Banks’ crippling charges and switching stand-off
- Created on Tuesday, 23 August 2011 16:58
The Treasury Select Committee are pushing the Independent Commission on Banking (ICB) to press the Government into taking action to make bank charges clearer and switching between bank accounts easier. In the meantime, this triangle of pressure is causing account holders unnecessary costs and loss of choice, while the Financial Services Authority and the Treasury Select Committee argue about taking action.
This betrayal of customers’ rights cuts deeper when, to a great extent, the issue of clearer information to promote fairer competition was addressed in Northern Ireland as early as 2007.

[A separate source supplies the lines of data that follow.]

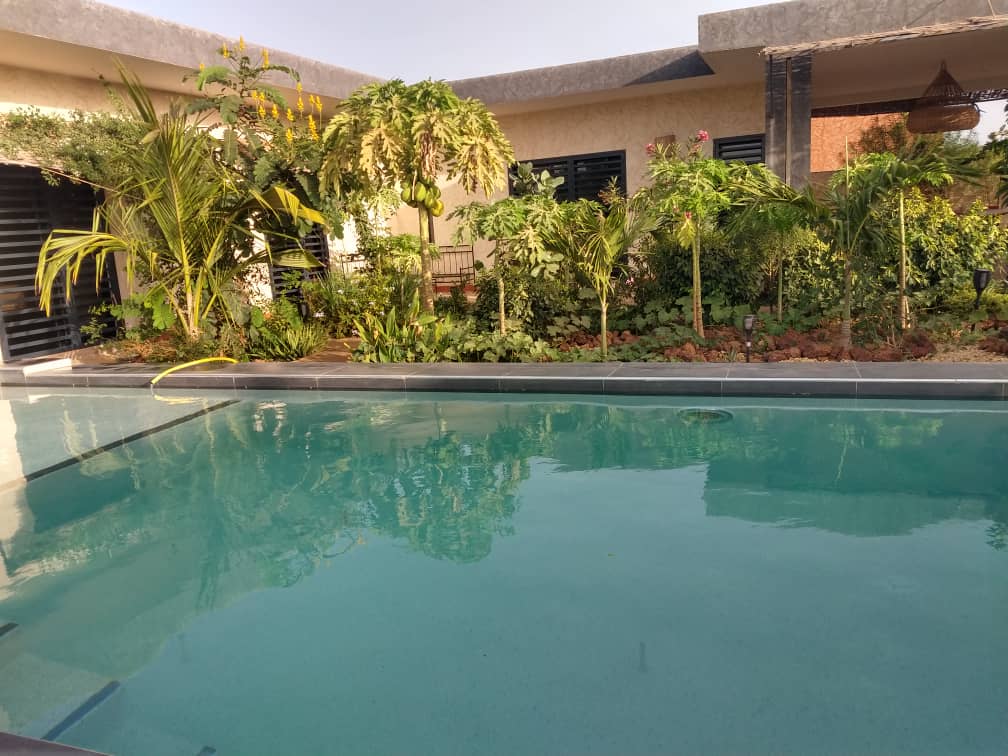 Mignonne villa de 2 ch avec piscine sur beau terrain de 500m2
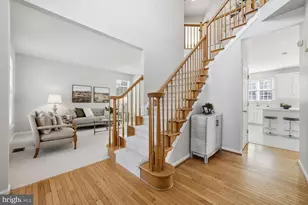 105 Meadowbrook Ct SW, Leesburg, VA 20175 - Photo 4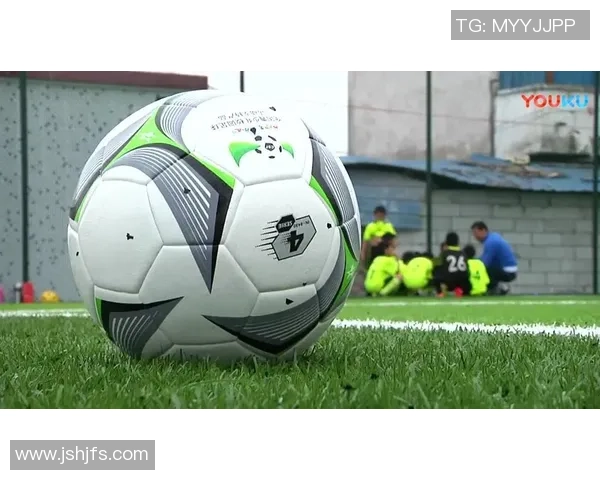 足球明星黏土人物的创作与收藏之旅揭秘与技巧分享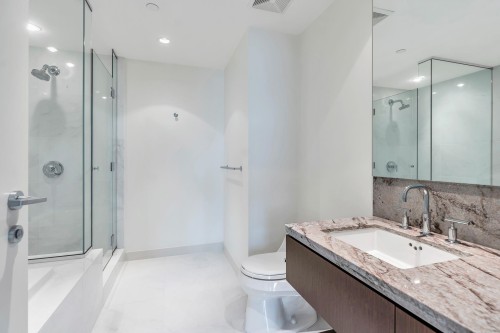 101-1139 Cordova Street W, Vancouver, BC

A quote from the Northern Ireland Competition Commission inquiry in 2005 said, “Lack of clarity on charges and unduly complex charging structures and their application, combined with a reluctance among customers to switch providers, are restricting competition in the market for personal current accounts in Northern Ireland. These features make it likely that customers incur higher charges and receive lower levels of credit interest than they might expect in a more competitive market.”
Following the inquiry and consultation with banks, associated bodies and regulators, there was unanimous agreement to adopt measures that provided better deals for customers starting with using plain English for key information for personal current bank accounts.
The final recommendations included requirements for banks in Northern Ireland to describe their personal current account services in plain English, using terms that are easy to understand.
Chrissie Maher OBE, founder of Plain English Campaign says, “At that time, it felt like a huge step forward in banking information, but it’s disappointing that that step hasn’t been big enough to cross the Irish Sea as yet. The learning is there to be shared, but customers continue to lose out.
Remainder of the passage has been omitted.